Oleh Ustadz Muhammad Arifin Ilham
Ibnu
Mas'ud RA pernah didatangi oleh jamaahnya selepas taklim. "Tempat mana
yang harus aku datangi saat aku mendapati keadaanku galau dan
terasing?" seru jamaah.
"Datangilah tempat yang Alquran
sering dibacakan. Kamu duduk dan simak bacaannya. Niscaya kamu akan
dapati ketenangan. Lalu, datangi tempat-tempat yang kamu diajak untuk
mengingat dan menyebut Allah dan akan bertambah ilmumu. Terakhir,
datangi alas sajadahmu di keheningan malam dan mengadulah kepada Rabb
Pengatur hidupmu."
Cerita sarat hikmah ini boleh jadi
menjadi bagian dari cerita hidup kita. Karena satu hal yang pasti,
keadaan galau dan terasing menjadi sesuatu yang tidak bisa terpisah
dalam perjalanan hidup manusia. Dan, di antara kunci melepas lara dan
keterasingan hidup adalah dengan sering mendatangi majelis-majelis ilmu
dan zikir.
Rasul pernah mengatakan, betapa beruntungnya
orang yang rajin dan istiqamah hadir di majelis-majelis ilmu dan zikir.

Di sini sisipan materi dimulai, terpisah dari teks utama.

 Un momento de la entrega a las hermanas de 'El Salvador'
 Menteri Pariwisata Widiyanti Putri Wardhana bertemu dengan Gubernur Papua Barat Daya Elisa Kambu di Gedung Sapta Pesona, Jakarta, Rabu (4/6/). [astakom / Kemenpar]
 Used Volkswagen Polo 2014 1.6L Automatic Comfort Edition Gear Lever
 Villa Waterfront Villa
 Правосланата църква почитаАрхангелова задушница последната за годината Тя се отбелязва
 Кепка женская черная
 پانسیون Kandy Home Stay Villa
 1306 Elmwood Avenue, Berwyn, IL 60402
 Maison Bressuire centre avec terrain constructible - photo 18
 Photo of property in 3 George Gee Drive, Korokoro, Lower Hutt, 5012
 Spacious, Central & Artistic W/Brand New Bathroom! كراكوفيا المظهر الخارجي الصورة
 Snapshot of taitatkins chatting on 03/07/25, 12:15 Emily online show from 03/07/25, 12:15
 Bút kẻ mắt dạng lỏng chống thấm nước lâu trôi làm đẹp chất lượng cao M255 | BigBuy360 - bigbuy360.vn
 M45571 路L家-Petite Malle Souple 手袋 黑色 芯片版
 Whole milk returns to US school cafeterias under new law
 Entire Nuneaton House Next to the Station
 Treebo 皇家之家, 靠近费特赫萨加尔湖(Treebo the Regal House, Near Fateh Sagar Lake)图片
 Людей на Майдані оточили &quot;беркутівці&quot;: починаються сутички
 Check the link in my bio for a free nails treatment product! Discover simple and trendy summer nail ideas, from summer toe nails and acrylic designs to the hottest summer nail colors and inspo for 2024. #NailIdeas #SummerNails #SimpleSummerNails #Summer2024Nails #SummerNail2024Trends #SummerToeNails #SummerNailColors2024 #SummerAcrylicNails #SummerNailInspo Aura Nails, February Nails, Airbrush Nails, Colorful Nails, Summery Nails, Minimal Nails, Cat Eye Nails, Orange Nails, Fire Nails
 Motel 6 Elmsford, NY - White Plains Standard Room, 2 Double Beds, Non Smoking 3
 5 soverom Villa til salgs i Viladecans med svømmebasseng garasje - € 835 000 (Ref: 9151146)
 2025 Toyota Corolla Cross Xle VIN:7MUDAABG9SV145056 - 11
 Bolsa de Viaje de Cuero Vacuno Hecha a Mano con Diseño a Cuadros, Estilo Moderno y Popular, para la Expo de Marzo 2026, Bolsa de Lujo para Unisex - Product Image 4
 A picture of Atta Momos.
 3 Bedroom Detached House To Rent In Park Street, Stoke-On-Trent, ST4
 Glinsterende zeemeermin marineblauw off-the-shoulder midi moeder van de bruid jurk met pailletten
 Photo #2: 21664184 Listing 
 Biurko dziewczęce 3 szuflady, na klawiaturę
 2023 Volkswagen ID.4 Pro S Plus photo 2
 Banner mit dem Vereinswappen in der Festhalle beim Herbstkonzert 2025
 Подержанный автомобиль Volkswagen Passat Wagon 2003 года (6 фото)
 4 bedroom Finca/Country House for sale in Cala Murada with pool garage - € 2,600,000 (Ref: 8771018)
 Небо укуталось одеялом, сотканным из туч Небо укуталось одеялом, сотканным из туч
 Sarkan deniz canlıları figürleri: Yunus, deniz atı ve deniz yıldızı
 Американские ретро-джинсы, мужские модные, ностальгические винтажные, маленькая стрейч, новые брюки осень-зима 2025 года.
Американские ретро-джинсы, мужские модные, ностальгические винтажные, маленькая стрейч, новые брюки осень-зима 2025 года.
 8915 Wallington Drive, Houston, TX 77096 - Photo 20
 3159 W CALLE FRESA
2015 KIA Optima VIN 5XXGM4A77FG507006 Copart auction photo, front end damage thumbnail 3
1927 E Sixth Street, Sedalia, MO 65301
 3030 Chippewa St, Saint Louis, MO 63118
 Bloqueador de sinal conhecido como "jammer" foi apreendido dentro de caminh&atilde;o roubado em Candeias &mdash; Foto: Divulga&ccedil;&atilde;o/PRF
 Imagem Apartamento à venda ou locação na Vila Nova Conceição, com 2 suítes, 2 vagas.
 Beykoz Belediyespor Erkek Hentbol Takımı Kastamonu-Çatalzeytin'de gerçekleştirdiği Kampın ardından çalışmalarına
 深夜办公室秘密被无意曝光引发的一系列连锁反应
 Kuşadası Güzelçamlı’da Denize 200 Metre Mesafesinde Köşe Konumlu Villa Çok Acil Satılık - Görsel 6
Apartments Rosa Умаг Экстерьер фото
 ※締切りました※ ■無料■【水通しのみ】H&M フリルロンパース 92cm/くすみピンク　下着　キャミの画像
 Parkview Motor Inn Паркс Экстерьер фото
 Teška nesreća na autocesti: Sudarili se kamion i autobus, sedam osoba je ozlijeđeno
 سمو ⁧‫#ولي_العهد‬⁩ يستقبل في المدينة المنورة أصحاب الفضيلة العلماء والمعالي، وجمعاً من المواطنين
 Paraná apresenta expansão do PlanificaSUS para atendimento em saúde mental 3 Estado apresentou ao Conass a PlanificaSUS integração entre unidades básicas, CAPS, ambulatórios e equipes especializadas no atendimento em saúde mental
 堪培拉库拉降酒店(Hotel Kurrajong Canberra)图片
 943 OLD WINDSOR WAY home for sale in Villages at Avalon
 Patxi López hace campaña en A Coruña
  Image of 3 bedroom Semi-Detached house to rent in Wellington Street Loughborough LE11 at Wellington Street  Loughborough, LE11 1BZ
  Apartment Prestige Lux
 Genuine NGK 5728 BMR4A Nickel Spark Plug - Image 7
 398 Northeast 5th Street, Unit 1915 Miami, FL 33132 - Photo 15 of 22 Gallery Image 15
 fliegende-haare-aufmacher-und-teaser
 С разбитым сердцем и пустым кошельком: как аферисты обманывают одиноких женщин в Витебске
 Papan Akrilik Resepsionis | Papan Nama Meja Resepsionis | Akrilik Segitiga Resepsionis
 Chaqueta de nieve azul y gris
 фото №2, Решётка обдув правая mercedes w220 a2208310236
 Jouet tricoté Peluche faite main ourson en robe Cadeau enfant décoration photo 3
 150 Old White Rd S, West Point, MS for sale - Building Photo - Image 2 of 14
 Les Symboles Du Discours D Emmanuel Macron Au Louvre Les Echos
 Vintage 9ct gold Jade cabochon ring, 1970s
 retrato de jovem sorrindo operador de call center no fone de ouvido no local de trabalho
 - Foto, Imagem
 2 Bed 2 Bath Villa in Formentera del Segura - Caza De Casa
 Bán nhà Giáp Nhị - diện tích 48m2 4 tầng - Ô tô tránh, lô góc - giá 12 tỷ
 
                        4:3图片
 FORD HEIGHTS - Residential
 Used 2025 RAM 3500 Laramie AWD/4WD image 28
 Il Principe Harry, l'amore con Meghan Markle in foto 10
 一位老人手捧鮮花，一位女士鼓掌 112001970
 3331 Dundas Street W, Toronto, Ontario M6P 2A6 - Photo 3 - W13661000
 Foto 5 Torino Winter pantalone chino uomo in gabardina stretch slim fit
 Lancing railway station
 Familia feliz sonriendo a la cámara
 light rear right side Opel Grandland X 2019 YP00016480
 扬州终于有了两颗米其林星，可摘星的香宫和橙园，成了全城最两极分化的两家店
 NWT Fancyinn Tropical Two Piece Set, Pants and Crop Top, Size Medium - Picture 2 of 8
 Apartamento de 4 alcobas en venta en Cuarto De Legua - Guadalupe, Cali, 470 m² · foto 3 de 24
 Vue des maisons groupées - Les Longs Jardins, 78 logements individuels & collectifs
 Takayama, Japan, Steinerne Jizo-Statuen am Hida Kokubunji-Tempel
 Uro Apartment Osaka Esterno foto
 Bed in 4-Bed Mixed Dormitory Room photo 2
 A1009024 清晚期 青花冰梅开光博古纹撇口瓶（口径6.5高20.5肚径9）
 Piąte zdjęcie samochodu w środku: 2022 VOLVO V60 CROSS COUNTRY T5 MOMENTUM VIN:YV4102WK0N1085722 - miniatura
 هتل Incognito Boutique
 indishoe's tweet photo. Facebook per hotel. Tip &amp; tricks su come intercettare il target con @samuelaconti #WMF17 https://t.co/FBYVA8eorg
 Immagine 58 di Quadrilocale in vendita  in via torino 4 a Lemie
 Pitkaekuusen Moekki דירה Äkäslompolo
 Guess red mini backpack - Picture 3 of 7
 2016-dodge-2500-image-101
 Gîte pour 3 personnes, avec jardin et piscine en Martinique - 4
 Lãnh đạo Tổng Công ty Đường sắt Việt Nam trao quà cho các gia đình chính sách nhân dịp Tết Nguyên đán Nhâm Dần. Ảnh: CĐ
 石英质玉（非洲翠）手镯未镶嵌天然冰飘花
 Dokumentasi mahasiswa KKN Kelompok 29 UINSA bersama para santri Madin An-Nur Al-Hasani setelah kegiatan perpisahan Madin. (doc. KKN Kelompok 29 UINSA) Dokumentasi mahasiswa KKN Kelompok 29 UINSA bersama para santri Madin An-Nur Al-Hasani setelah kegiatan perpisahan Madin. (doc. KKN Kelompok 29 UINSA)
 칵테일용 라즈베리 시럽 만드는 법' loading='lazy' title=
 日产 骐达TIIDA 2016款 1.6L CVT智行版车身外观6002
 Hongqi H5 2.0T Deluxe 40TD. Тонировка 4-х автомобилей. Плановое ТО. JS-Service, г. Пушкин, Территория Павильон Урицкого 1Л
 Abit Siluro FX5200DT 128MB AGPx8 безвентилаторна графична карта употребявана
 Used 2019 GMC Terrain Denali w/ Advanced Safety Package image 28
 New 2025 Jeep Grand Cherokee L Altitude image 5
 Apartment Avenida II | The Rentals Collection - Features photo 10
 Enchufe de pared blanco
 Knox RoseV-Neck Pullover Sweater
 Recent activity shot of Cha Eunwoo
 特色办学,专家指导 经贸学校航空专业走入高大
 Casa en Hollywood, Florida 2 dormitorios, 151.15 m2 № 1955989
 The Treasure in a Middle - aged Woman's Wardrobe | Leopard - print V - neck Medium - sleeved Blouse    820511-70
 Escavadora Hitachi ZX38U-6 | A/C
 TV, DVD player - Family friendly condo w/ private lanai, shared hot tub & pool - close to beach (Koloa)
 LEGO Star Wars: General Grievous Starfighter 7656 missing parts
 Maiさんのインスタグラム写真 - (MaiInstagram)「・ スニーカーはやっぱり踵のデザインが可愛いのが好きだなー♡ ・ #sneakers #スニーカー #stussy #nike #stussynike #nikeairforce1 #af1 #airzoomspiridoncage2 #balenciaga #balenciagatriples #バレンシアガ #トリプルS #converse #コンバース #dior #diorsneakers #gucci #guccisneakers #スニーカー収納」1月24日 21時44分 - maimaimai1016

"Tidaklah satu kaum duduk membaca Alquran lalu mengkajinya dan
berzikir kecuali akan menyita perhatian para malaikat, terliputi
ketenangan di hatinya, ditenggelamkan dalam lautan rahmat-Nya dan
semakin dimasyhurkan namanya di hadapan makhluk Allah."
Ada
banyak hikmah yang didapatkan dengan sering duduk berbaur dalam lautan
manusia yang berzikir dan menuntut ilmu. Inilah yang akan kita dapati
dengan menghadiri majelis kebanggaan Allah dan malaikat-Nya itu.
Pertama,
ilmu dan pengetahuan kita semakin bertambah. Hal yang tidak bisa
dimungkiri adalah sering kali masalah menghimpit kita dan sulit
menemukan cara menyikapi dan penyelesaiannya. Boleh jadi lantaran
keterbatasan ilmu dan pengetahuan kita. Dengan hadir di majelis ilmu
dan zikir, berarti ada upaya pengayaan informasi dan ilmu.
Kedua,
iman terjaga dan bertambah kuat. "Sesungguhnya orang-orang yang
beriman itu adalah mereka yang apabila disebut nama Allah gemetarlah
hati mereka dan apabila dibacakan kepada mereka ayat-ayat-Nya,
bertambahlah iman mereka karenanya dan hanya kepada Rabb mereka, mereka
bertawakkal." (QS al-Anfal [8]: 2).
Ketiga, tumbuh
kecintaan kepada ulama. Rasul bersabda, "Siapa yang memuliakan ulama,
kalian memuliakanku dan siapa yang memuliakanku, Allah muliakan dengan
surga-Nya."
Keempat, cara paling jitu menghancurkan
keangkuhan diri. Saat menegakkan kepala ke atas, melihat para ustaz,
bukankah artinya kita mau mendengar dan melihat siapa yang di atas
kita.
Ketika merintih dalam doa, maknanya supaya keluhan
kita didengar. Itu artinya kita kecil, bodoh dan teramat banyak
kekurangan. Karenanya, duduk di majelis zikir dan ilmu, pada gilirannya
mampu membekap kesombongan kita.
Kelima, berkumpul
dengan orang saleh. Insya Allah, mereka yang hadir di majelis zikir
atau ilmu adalah para perindu, pemburu kasih sayang, dan rida Allah.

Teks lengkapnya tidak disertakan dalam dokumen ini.